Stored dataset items

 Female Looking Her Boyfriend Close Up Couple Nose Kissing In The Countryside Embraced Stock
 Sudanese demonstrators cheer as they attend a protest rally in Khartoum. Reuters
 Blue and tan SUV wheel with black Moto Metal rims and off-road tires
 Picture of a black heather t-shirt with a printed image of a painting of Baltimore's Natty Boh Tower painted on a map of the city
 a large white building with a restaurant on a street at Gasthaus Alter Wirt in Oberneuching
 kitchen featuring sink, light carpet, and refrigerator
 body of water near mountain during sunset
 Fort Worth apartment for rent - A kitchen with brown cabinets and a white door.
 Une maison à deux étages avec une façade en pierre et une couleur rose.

---

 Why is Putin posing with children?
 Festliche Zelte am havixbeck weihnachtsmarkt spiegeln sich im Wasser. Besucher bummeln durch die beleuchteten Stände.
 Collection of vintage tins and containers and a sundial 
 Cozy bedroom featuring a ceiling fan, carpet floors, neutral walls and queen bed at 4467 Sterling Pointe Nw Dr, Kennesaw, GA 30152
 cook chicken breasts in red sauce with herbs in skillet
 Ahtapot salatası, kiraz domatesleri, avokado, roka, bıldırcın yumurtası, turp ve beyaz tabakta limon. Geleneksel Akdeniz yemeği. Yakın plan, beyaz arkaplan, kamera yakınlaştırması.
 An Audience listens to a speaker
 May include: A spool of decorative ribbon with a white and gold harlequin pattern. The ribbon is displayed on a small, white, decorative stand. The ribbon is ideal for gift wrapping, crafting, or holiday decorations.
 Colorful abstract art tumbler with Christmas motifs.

==

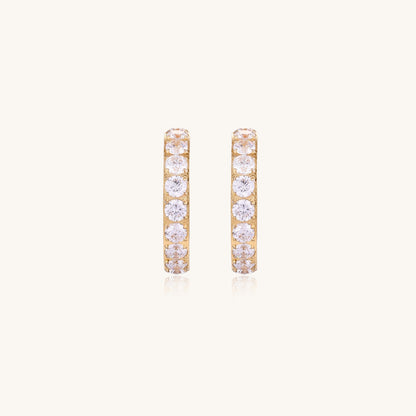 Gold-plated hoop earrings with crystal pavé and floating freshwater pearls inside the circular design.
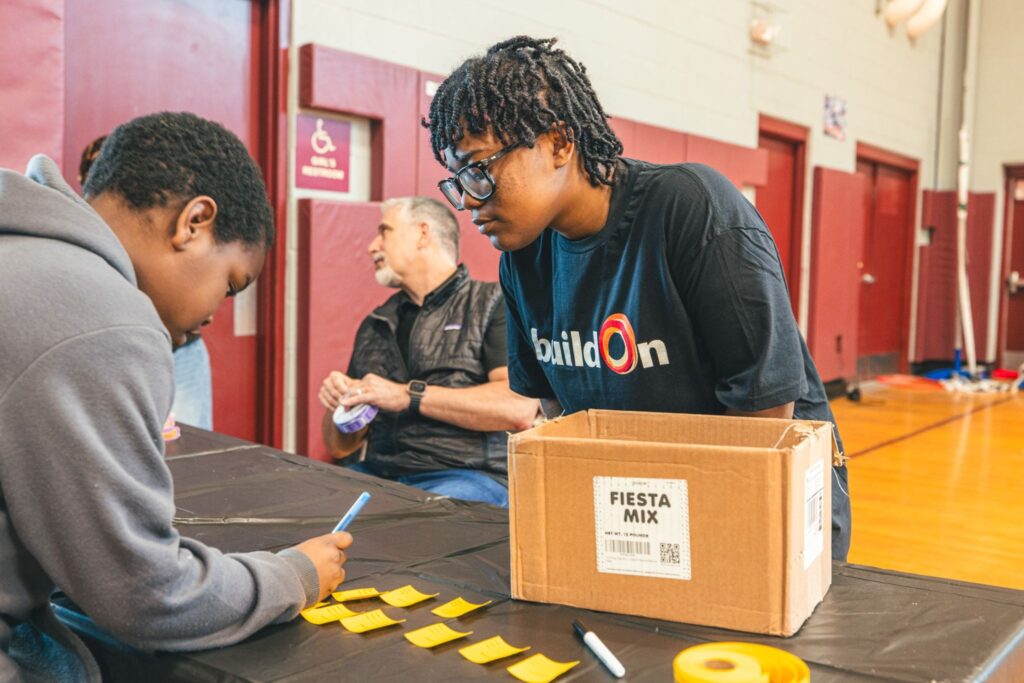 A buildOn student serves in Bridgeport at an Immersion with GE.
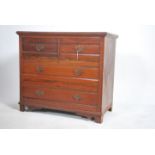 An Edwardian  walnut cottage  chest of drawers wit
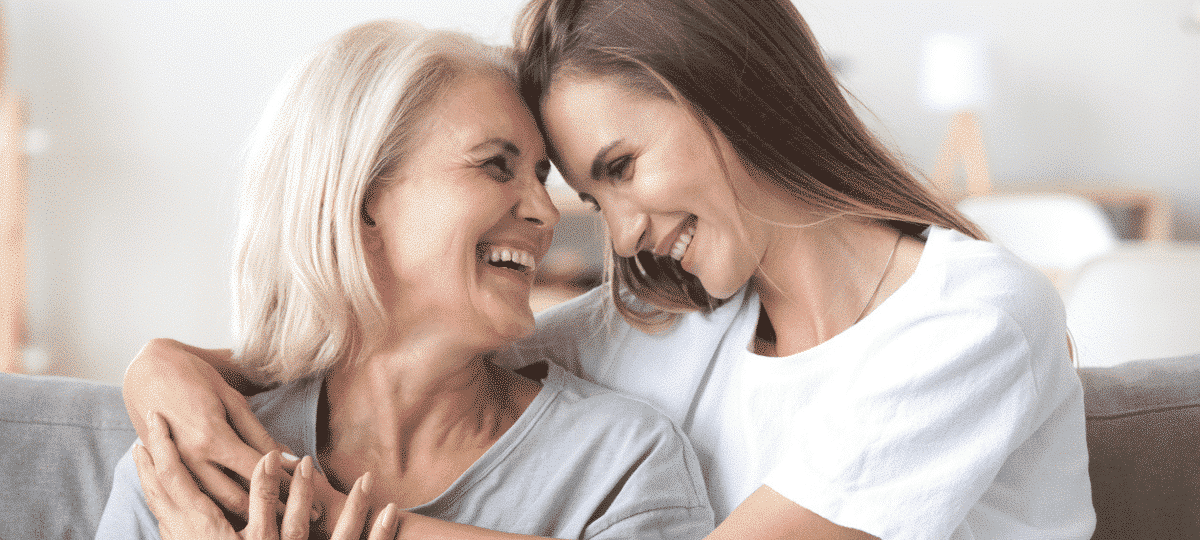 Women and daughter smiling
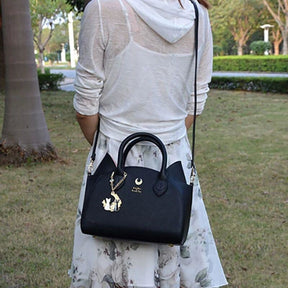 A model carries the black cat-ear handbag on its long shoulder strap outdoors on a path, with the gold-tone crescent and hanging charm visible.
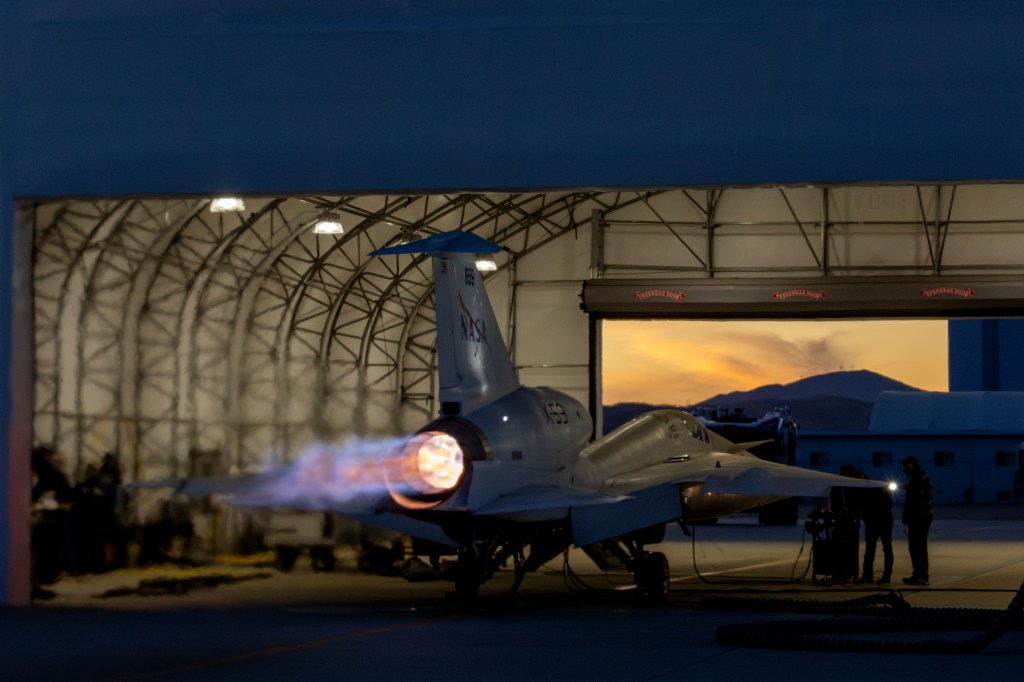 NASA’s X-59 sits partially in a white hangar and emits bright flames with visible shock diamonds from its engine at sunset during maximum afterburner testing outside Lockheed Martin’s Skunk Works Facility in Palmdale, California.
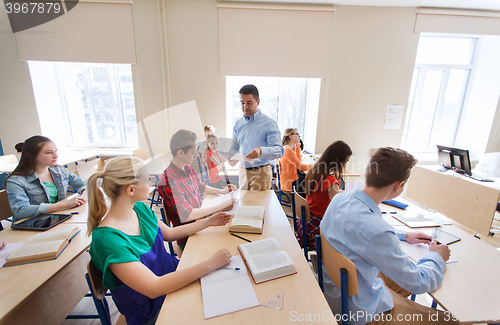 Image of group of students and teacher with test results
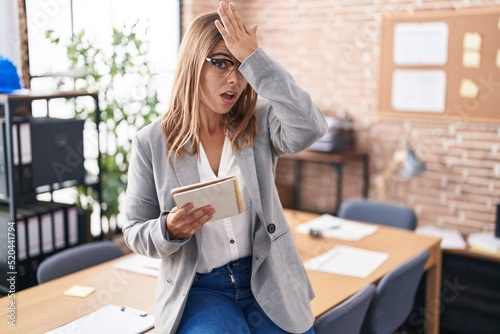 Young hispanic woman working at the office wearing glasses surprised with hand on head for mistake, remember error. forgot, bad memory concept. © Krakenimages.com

▸ REQUIREMENT:
Each line above that carries the string "featuring" has to be returned.

▸ RESULT OF THE EXERCISE:
 kitchen featuring sink, light carpet, and refrigerator
 Cozy bedroom featuring a ceiling fan, carpet floors, neutral walls and queen bed at 4467 Sterling Pointe Nw Dr, Kennesaw, GA 30152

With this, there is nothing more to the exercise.